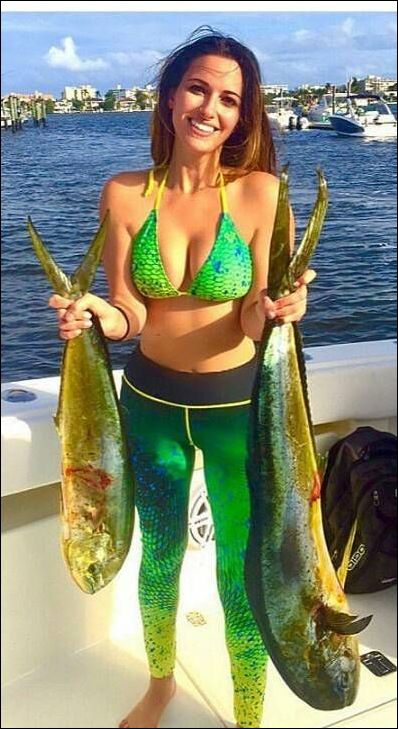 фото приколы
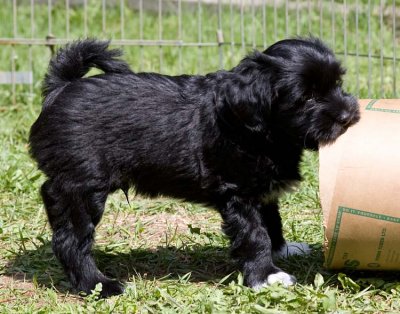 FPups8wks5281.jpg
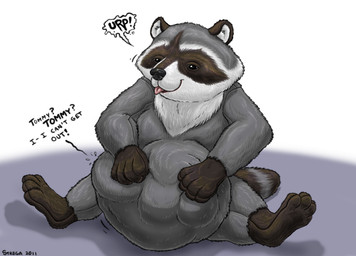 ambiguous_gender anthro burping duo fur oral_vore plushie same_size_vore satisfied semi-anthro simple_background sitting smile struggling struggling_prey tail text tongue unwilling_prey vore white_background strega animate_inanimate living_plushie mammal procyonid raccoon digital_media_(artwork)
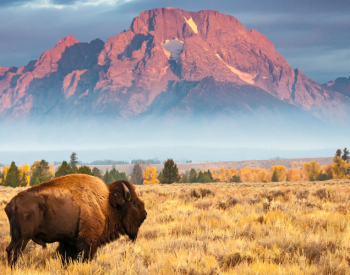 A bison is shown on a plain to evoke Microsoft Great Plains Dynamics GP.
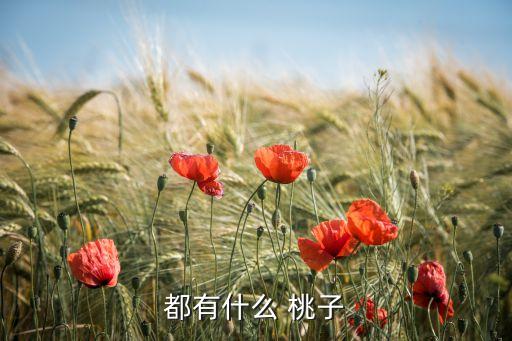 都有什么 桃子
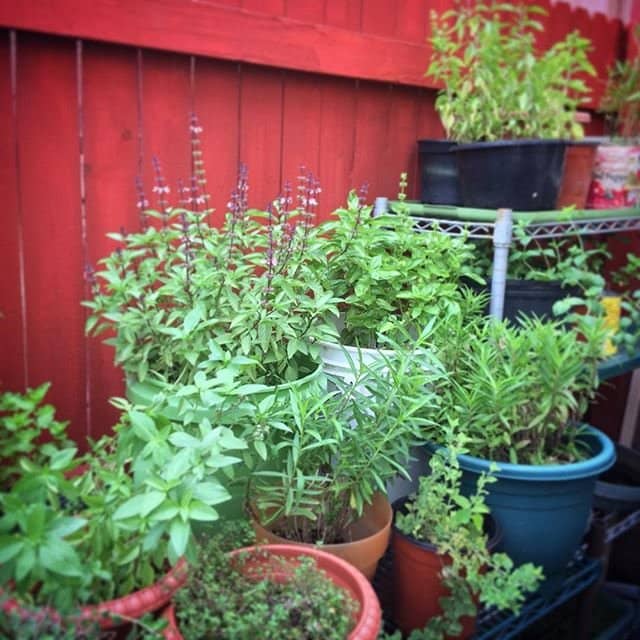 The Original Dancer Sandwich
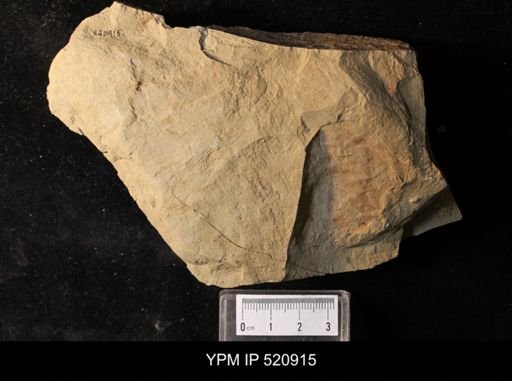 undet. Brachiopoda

* * *

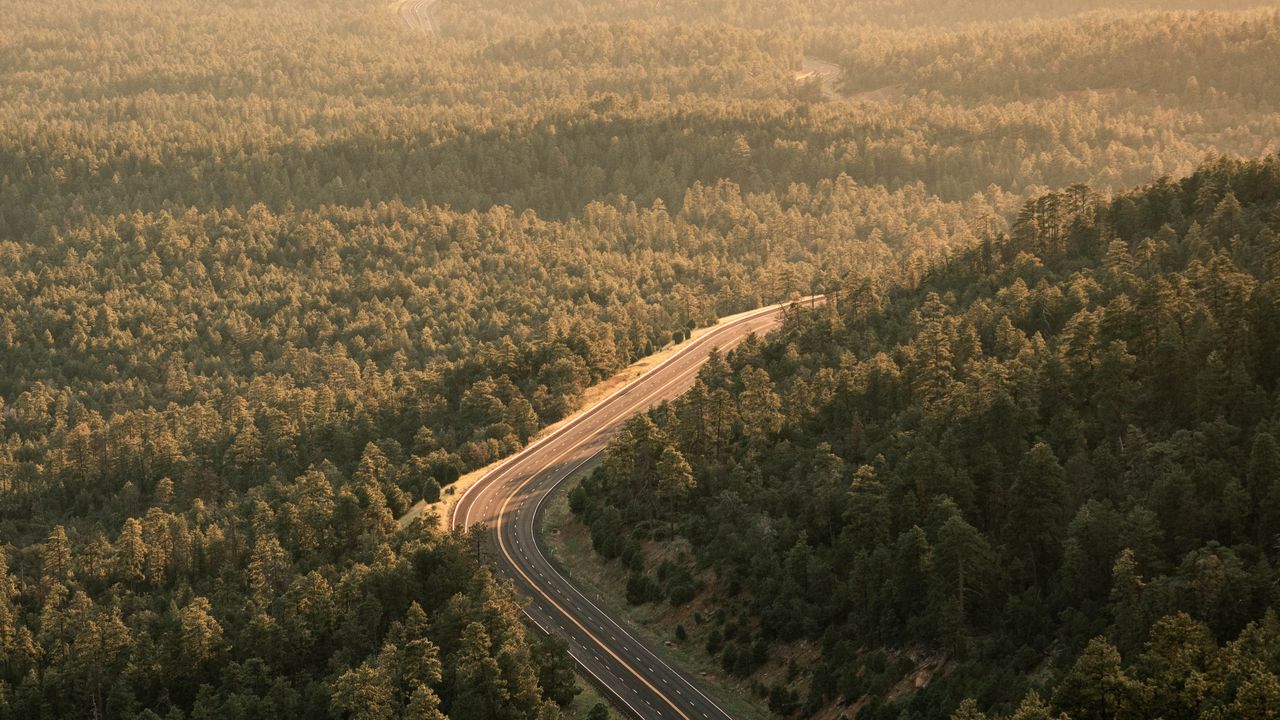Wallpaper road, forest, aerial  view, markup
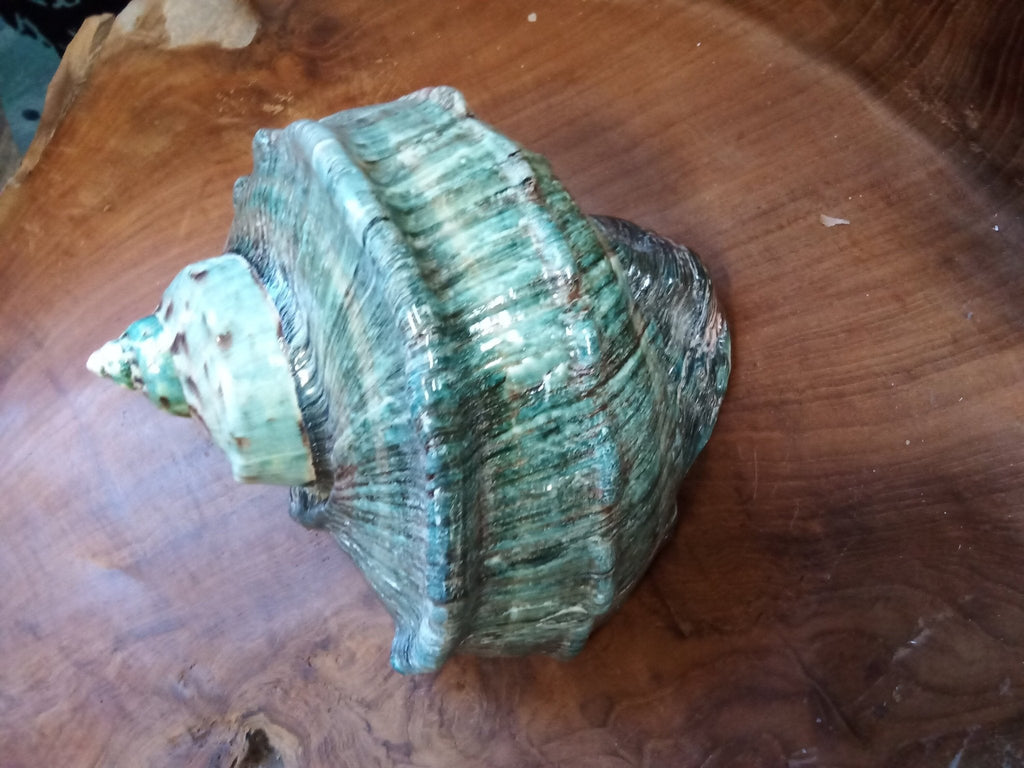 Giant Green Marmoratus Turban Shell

_Task description_
Retype the lines above exactly as they appear, from the line containing "ambiguous_gender anthro burping" through the line containing "undet. Brachiopoda", and leave out any pictures.

_Reply_
 ambiguous_gender anthro burping duo fur oral_vore plushie same_size_vore satisfied semi-anthro simple_background sitting smile struggling struggling_prey tail text tongue unwilling_prey vore white_background strega animate_inanimate living_plushie mammal procyonid raccoon digital_media_(artwork)
 A bison is shown on a plain to evoke Microsoft Great Plains Dynamics GP.
 都有什么 桃子
 The Original Dancer Sandwich
 undet. Brachiopoda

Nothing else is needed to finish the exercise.